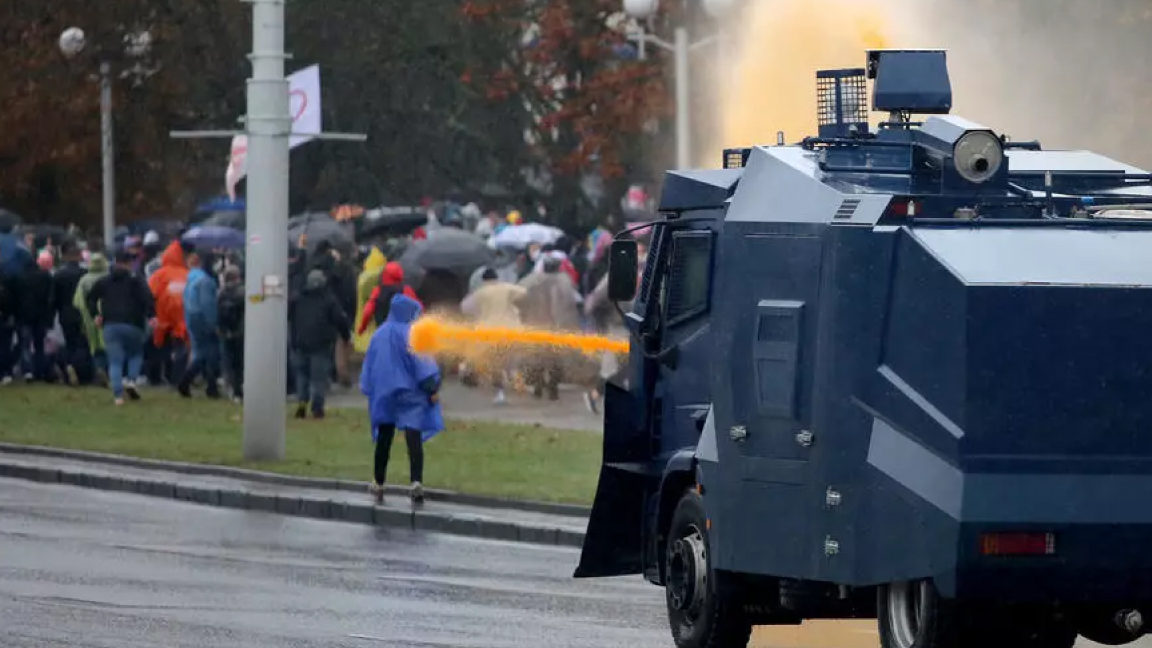 الشرطة تفرق المتظاهرين بخراطيم المياه أثناء تظاهرة ضد الرئيس لوكاشنكو في مينسك الأحد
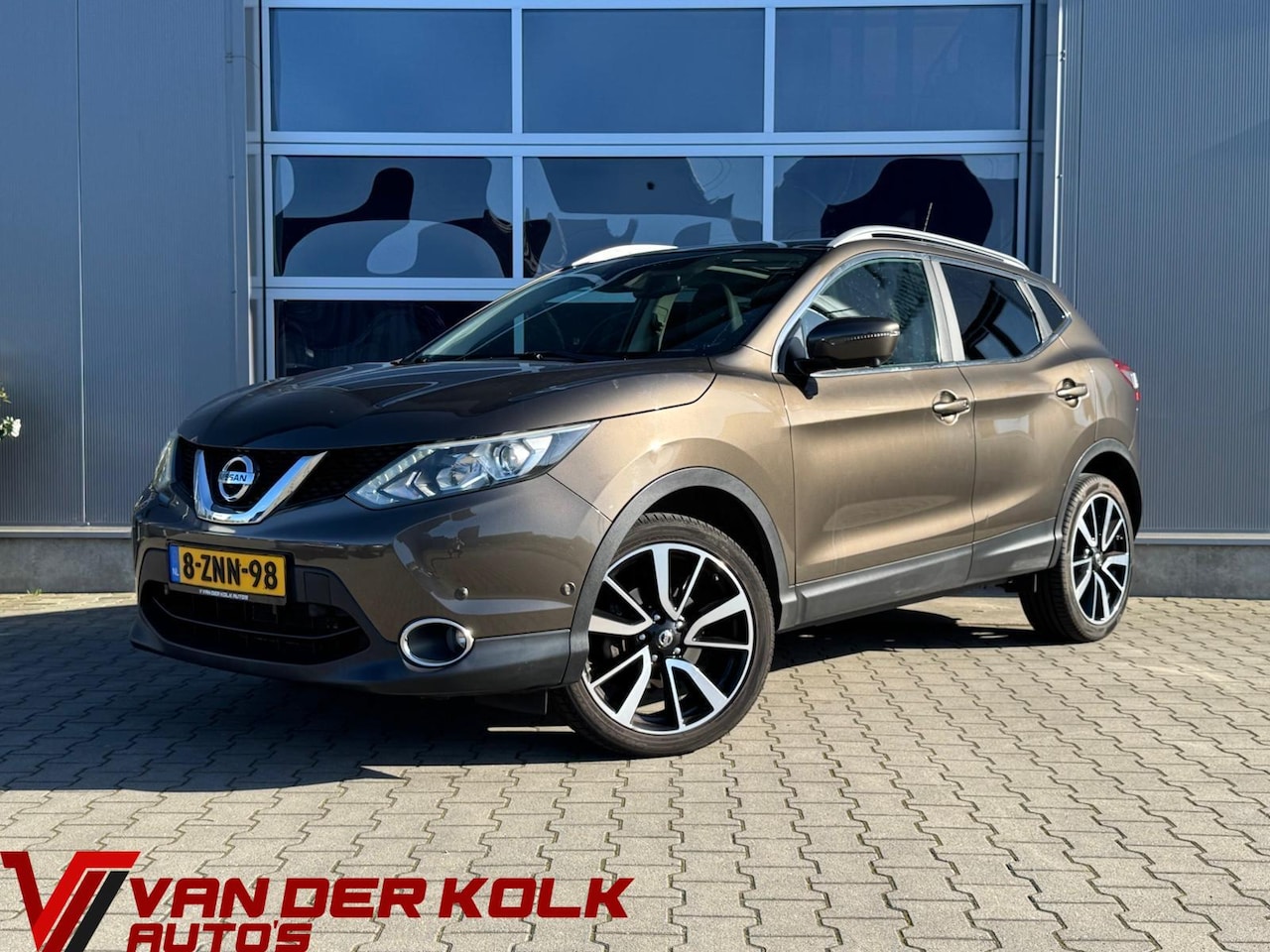 Nissan Qashqai - 1.2 Tekna Automaat | Panorama | Leder | LED | Camera | Navigatie | Stoelverwarming | Trekh - AutoWereld.nl
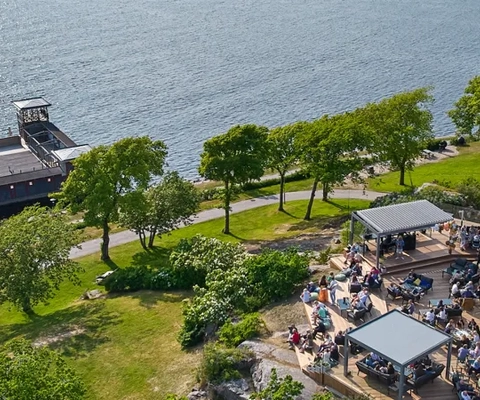 Laholmen hotell med uteservering ut mot havet och Kallbadhuset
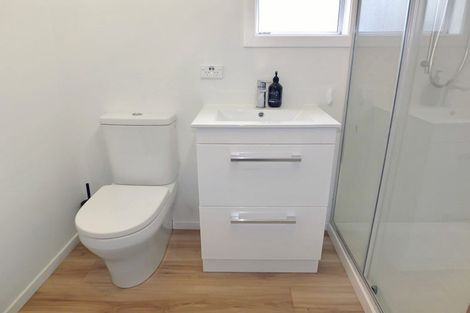 Photo of property in 13 Barber Street, Foxton Beach, Foxton, 4815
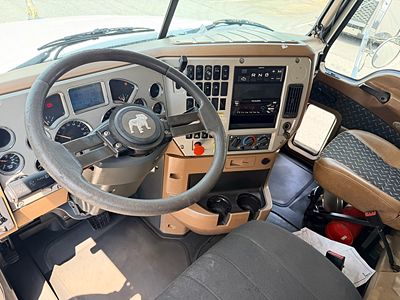 2018 Mack GU713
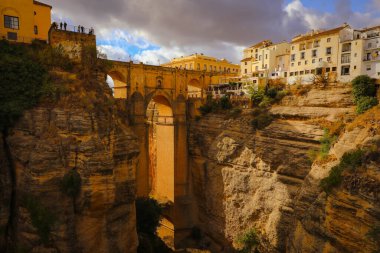 İspanya 'nın Malaga eyaletinin Ronda kentindeki Puente Nuevo köprüsünün manzarası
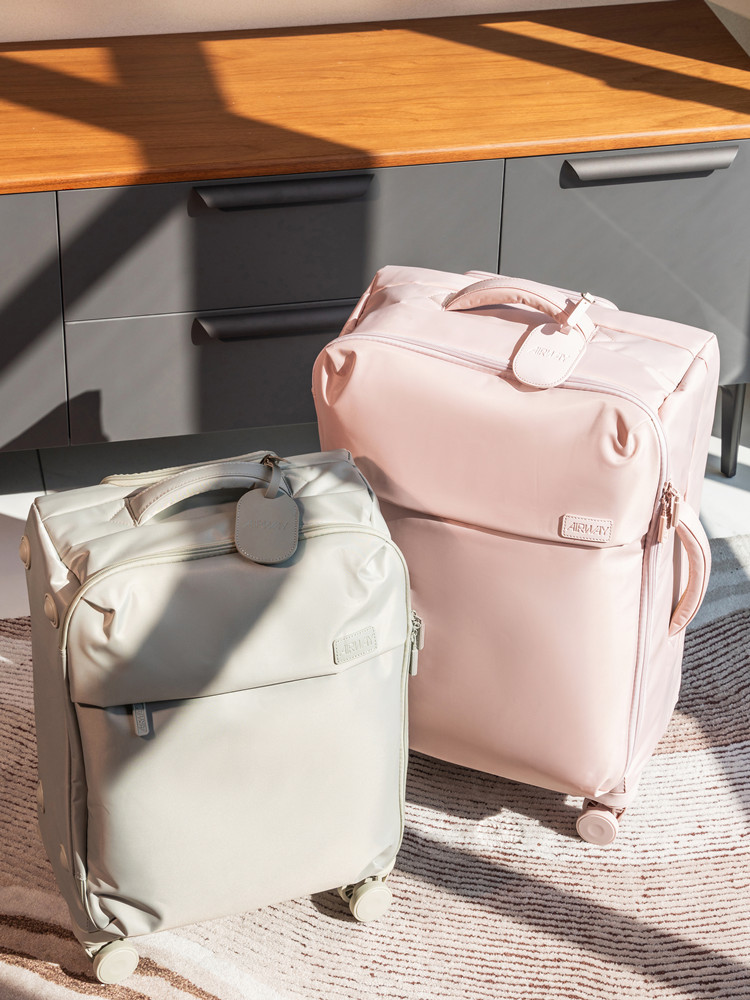 Aero Lite Smart Luggage - Image 17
+-------+
▸ What the task requires
Give the records above again verbatim, pictures omitted.

▸ Solution for this task
 الشرطة تفرق المتظاهرين بخراطيم المياه أثناء تظاهرة ضد الرئيس لوكاشنكو في مينسك الأحد
 Nissan Qashqai - 1.2 Tekna Automaat | Panorama | Leder | LED | Camera | Navigatie | Stoelverwarming | Trekh - AutoWereld.nl
 Laholmen hotell med uteservering ut mot havet och Kallbadhuset
 Photo of property in 13 Barber Street, Foxton Beach, Foxton, 4815
 2018 Mack GU713
 İspanya 'nın Malaga eyaletinin Ronda kentindeki Puente Nuevo köprüsünün manzarası
 Aero Lite Smart Luggage - Image 17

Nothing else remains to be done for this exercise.